That atmosphere, however, soon would change.
Civic leaders were dealing with a longtime embarrassment about seven blocks south — the 12th Street strip, a block or so of taverns and strip joints between Central and Wyandotte streets. It represented the last bit of bawdy 12th Street night life that in the 1930s had stretched along many of the blocks east to Troost Avenue. Fearing it would blot Kansas City’s “Livable City” image, civic leaders aimed to replace it with a new hotel to attract conventions to Bartle Hall.
But local mobsters had interests in many of the businesses along the block. Worried that they were being forced out, the owners searched for a new place to set up shop. The River Quay looked perfect.
Uncle Joe’s Tavern, a bar owned by Joe Cammisano, opened in the Quay in August 1975.
Quickly, the new mob-related operations came into conflict with Fred Bonadonna, owner of another nightspot, Poor Freddie’s, and the head of the merchants association in the Quay. Bonadonna led opposition to the incursion of adult entertainment into the area.
Cammisano, with his brother William Cammisano Sr., tried to take over lucrative parking lots that Bonadonna owned near the Quay. Threats were made, first to Bonadonna and then to a City Council member. Bonadonna’s teenage son was beaten up.
Fred Bonadonna’s father, longtime mob member David Bonadonna, was killed and left in a car trunk in July 1976.
Faced with increasing threats, Bonadonna was forced to support the Cammisanos’ inroads in the Quay.
Mob factions, meanwhile, chose sides.
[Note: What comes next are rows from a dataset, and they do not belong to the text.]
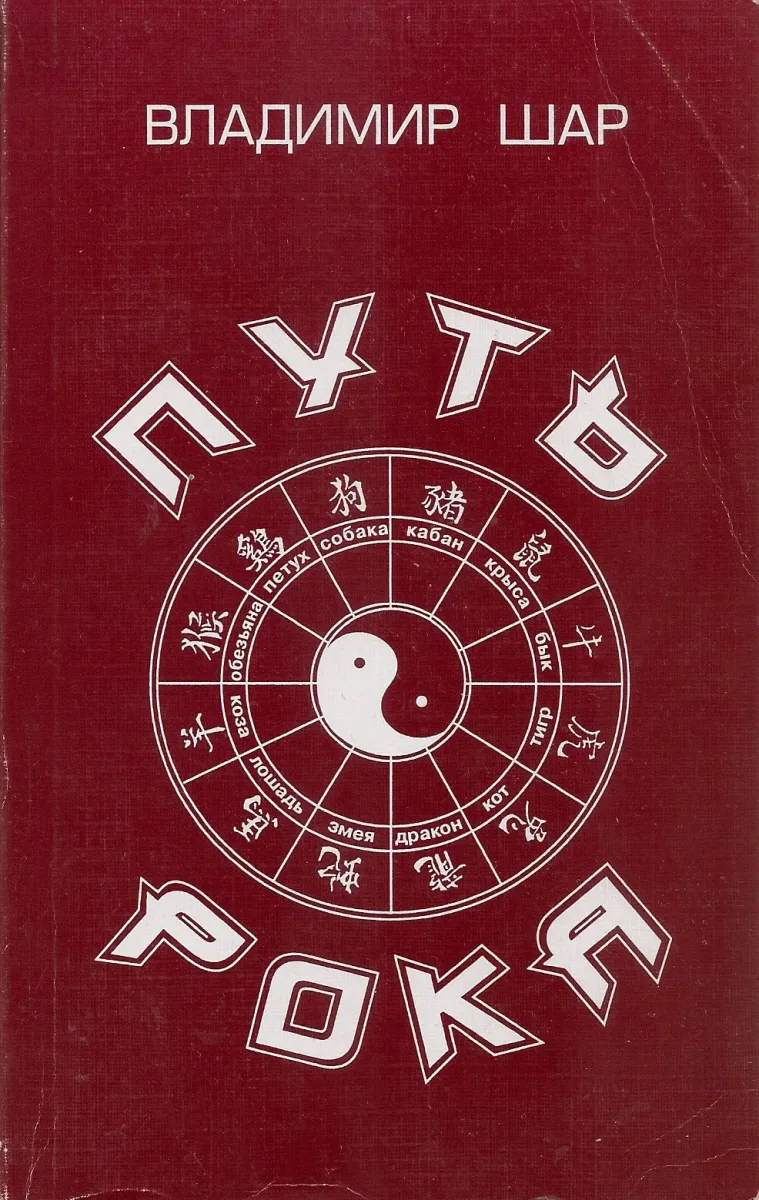 Путь рока: оригинальный опыт музыкально-исторического исследования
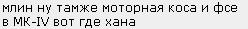 моторная коса.JPG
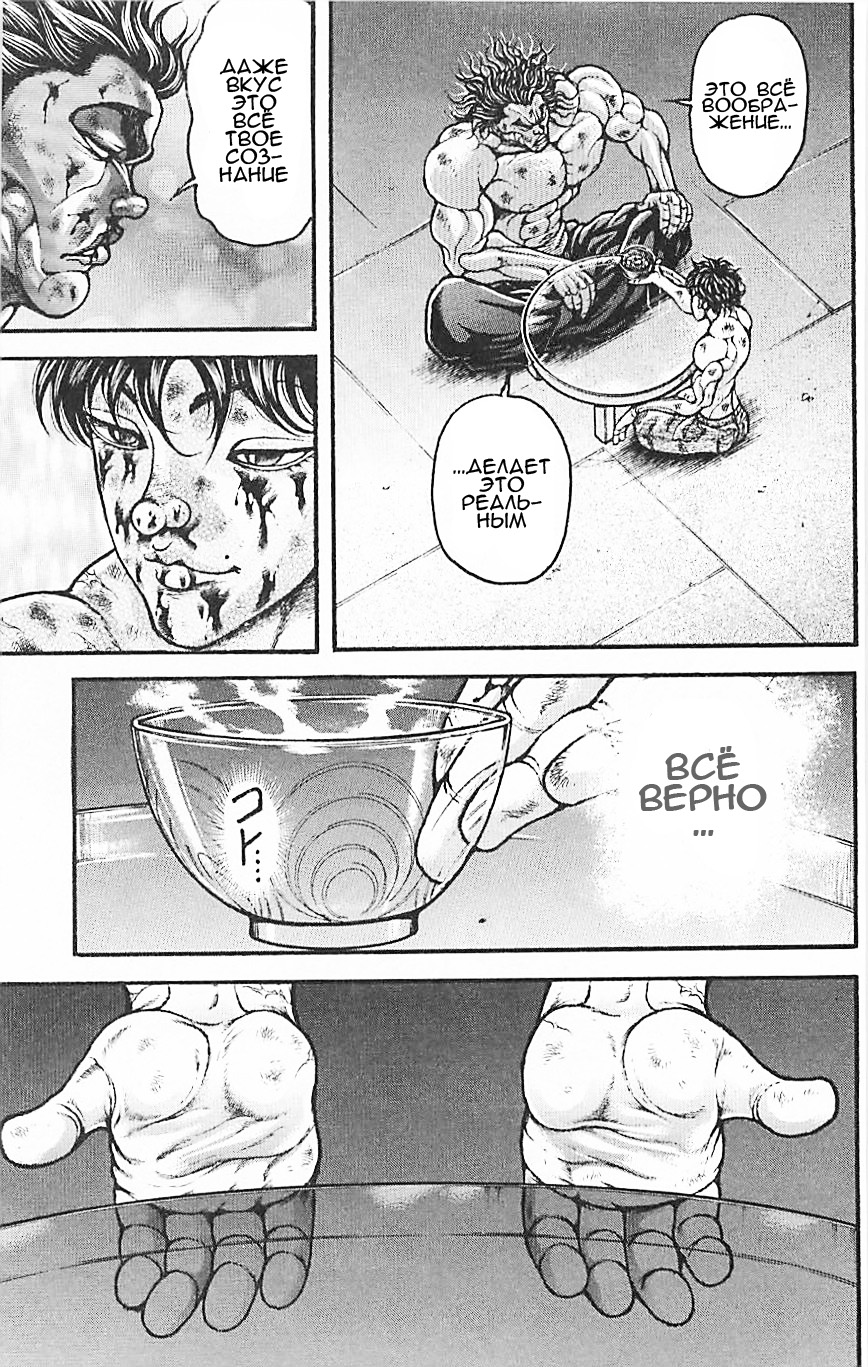 Read Hanma Baki RU Manga Online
On the one hand were longtime organized crime powers who did things their way. On the other were criminals who wanted to break in on the riches of the old line. The Quay was the root of events that would spread far beyond its boundaries.
Other reasons figured in the Quay’s demise, including economic problems touched off by the oil crisis of 1973. The mob inroads, however, made the biggest difference — at least in the public perception. The number of taverns in the Quay grew while the number of other businesses diminished. An X-rated movie house opened.
Nervous business owners referred to the influx of “marginal” merchants and “the rough element.” That meant organized crime. The free-and-easy atmosphere of the River Quay evaporated. So did many of its once-thriving businesses and its throngs of patrons.
In September 1976, fire broke out at Uncle Joe’s. Two months later, someone allied to the insurgents was tortured, strangled and left in the trunk of his car at Kansas City International Airport. Then another tavern in the Quay area burned. The owner of Big John’s saloon in the Quay was shot to death in February 1977 as he drove into his garage. Within three days, a friend and bodyguard of Fred Bonadonna’s was shot to death at a bar on Broadway near Armour Boulevard.
Then came the biggest noises.
In March 1977, explosions destroyed two nightclubs at Fourth and Wyandotte streets, Pat O’Brien’s and Judge Roy Bean’s. That July, a explosion leveled Uncle Joe’s. In August, another man was killed by a car bomb. In September, a fire was set at the Godfather Lounge on Fourth Street.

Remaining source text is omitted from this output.